_Task description_.
Copy every line of the data in which the word "Multifunction" occurs.

_Records provided_.

# # #

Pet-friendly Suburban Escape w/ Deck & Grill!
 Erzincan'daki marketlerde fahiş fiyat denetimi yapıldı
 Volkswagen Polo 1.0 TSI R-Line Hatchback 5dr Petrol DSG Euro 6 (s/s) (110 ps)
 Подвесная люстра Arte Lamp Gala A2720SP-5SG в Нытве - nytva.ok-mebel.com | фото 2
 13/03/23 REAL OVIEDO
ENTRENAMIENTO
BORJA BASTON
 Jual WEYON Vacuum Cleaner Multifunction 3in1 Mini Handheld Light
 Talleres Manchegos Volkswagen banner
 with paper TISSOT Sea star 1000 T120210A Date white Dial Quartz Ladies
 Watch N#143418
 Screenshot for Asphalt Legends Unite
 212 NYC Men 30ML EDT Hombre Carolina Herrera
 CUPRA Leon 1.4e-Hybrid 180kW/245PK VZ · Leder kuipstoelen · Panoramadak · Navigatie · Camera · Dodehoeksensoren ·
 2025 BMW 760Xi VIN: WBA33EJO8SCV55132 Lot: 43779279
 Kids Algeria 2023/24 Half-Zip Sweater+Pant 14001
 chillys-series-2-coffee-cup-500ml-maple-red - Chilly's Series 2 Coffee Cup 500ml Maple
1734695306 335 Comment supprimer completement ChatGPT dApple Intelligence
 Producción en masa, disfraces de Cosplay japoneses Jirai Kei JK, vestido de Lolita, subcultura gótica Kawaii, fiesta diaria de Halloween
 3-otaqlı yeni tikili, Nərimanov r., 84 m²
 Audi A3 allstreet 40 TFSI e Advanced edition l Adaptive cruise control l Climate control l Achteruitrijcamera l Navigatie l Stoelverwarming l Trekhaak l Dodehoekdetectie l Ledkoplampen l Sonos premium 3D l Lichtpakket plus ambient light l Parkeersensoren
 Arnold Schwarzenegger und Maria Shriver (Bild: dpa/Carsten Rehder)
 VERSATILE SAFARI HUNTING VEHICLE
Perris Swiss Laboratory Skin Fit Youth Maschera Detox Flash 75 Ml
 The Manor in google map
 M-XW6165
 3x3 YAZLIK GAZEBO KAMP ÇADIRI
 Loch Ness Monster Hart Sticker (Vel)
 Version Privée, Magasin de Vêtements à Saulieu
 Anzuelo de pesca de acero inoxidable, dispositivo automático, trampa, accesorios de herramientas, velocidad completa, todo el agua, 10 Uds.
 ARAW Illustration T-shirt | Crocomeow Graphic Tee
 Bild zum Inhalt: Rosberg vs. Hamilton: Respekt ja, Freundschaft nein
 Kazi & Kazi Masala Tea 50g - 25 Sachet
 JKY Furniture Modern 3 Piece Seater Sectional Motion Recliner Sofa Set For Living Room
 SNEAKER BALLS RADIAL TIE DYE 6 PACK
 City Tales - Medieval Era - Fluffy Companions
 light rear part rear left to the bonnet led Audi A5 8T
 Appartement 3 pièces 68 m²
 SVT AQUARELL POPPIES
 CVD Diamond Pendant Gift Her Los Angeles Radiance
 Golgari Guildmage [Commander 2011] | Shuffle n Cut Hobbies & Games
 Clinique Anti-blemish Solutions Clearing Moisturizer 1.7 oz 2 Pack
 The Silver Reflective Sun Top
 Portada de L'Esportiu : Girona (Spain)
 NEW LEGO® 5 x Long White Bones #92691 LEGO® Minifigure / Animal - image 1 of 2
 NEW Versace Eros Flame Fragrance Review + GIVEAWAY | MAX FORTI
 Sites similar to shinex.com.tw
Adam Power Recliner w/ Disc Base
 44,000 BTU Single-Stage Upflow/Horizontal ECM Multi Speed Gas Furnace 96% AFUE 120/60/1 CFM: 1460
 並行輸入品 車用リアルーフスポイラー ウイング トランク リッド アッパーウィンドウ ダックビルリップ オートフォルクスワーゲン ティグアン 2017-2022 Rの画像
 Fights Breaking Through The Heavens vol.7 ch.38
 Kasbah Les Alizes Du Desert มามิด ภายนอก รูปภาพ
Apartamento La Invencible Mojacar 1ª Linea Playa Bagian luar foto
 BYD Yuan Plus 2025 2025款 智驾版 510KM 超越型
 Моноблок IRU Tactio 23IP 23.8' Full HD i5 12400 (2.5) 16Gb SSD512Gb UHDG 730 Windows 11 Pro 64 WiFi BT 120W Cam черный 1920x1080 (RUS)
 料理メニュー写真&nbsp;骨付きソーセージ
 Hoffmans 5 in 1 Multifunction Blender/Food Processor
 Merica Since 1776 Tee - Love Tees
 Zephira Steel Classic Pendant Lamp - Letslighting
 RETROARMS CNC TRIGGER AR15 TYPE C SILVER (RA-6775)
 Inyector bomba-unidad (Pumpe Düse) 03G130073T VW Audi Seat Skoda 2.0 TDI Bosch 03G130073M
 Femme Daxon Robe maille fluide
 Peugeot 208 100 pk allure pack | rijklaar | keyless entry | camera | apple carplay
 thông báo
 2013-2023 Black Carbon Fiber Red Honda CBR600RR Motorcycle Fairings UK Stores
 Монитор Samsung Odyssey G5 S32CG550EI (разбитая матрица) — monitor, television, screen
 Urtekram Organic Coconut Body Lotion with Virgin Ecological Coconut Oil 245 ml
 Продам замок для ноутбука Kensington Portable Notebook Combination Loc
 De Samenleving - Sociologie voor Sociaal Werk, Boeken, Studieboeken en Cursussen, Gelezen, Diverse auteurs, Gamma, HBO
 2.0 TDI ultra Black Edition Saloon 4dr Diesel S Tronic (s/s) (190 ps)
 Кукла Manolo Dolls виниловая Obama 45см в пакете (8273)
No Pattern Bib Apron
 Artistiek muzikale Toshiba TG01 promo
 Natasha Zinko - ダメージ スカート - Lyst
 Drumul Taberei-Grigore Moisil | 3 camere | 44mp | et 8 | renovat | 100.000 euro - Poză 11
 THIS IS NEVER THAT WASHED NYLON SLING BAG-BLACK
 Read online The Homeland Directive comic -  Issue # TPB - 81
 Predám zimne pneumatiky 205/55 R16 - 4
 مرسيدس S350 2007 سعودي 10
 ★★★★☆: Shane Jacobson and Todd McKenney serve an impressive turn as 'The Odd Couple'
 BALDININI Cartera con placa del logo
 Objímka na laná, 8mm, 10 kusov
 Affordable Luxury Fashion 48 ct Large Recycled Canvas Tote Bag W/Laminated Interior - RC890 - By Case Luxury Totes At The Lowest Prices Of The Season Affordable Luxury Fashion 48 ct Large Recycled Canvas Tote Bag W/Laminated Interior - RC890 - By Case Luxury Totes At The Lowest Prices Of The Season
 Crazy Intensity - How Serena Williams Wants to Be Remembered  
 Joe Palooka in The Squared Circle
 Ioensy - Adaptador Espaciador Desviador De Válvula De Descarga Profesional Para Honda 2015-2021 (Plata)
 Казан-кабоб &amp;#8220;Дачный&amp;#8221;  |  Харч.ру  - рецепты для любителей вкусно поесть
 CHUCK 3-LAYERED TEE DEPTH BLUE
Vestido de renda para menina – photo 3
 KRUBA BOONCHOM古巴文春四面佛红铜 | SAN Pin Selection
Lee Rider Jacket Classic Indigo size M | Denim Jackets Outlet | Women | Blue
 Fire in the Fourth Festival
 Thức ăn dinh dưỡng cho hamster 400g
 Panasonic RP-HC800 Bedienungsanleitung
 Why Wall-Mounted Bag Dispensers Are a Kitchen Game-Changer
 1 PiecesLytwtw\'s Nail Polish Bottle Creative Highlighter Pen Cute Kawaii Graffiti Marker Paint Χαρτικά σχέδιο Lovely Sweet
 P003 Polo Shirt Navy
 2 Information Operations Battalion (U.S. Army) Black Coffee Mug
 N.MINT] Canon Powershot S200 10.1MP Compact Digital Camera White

# # #

_Answer box_.
 Jual WEYON Vacuum Cleaner Multifunction 3in1 Mini Handheld Light
 Hoffmans 5 in 1 Multifunction Blender/Food Processor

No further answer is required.